§ Your objective: Exact copy, no pictures: every line from the one that contains "CT-W1021 GREY2 étkezőszék szett, 4 db" through the end of the data below, and nothing else.

[Entries taken from a collection]
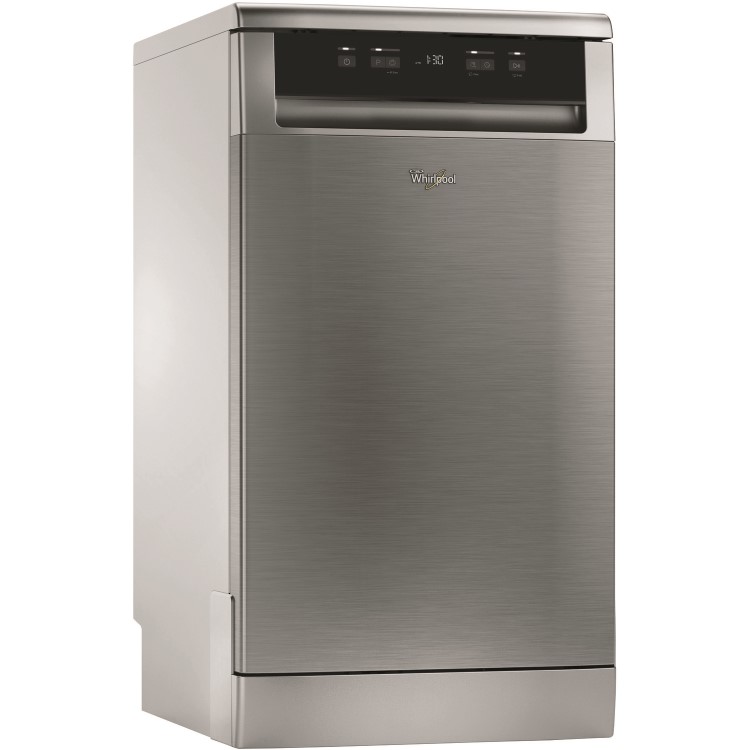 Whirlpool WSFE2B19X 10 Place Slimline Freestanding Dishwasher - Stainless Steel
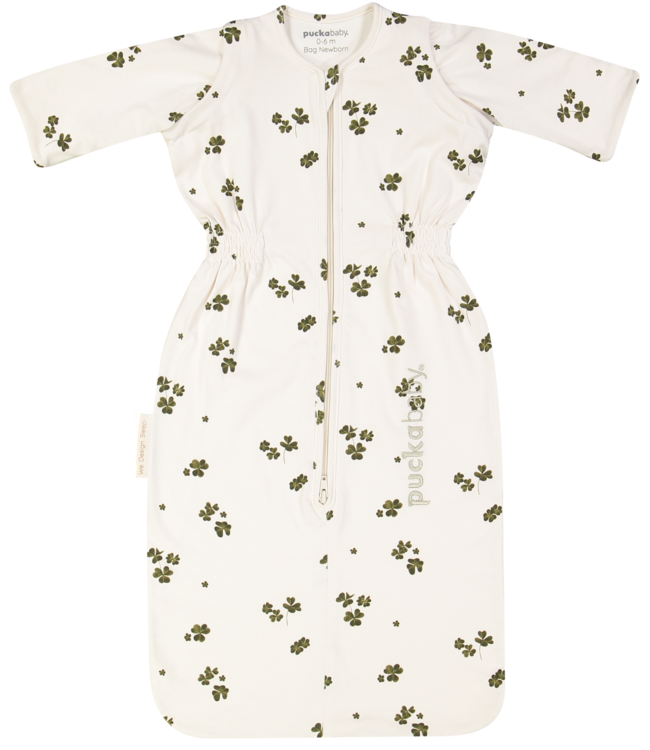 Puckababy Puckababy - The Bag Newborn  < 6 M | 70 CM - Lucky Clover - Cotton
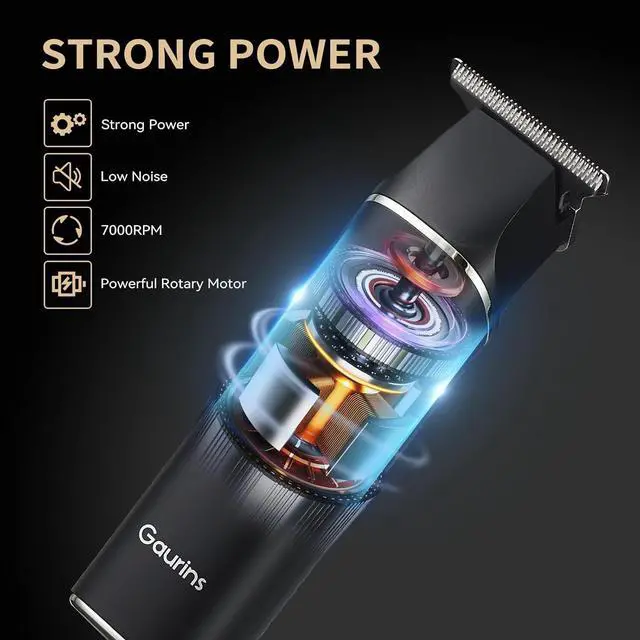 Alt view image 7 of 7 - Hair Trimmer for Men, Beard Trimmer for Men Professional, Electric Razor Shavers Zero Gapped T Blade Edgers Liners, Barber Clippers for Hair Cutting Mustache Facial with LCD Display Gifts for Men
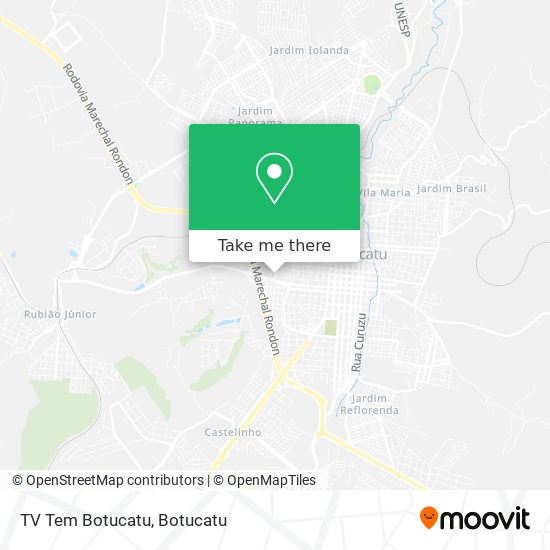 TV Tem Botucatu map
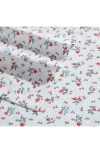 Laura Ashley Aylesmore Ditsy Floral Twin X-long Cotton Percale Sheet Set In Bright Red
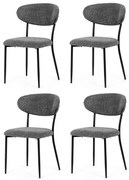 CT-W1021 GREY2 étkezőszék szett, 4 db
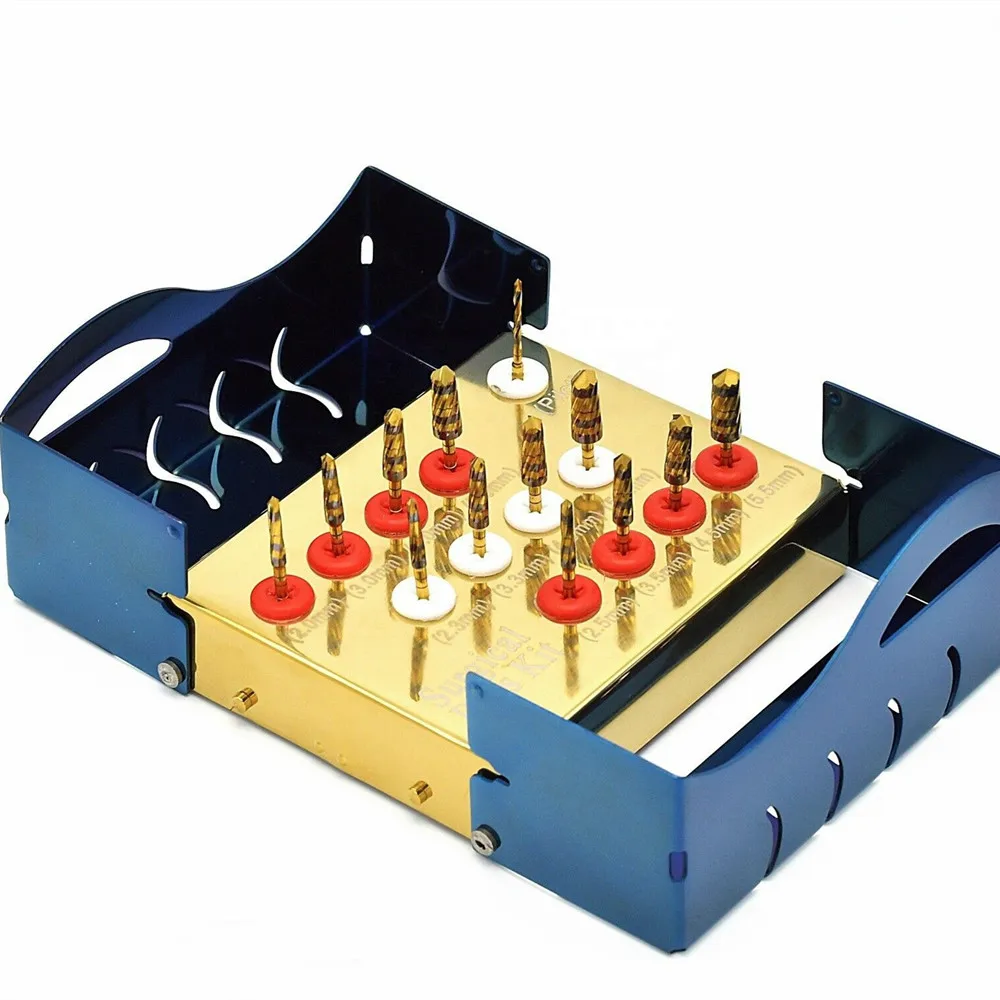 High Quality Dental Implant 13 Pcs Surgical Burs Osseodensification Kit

§ Expected output:
 CT-W1021 GREY2 étkezőszék szett, 4 db
 High Quality Dental Implant 13 Pcs Surgical Burs Osseodensification Kit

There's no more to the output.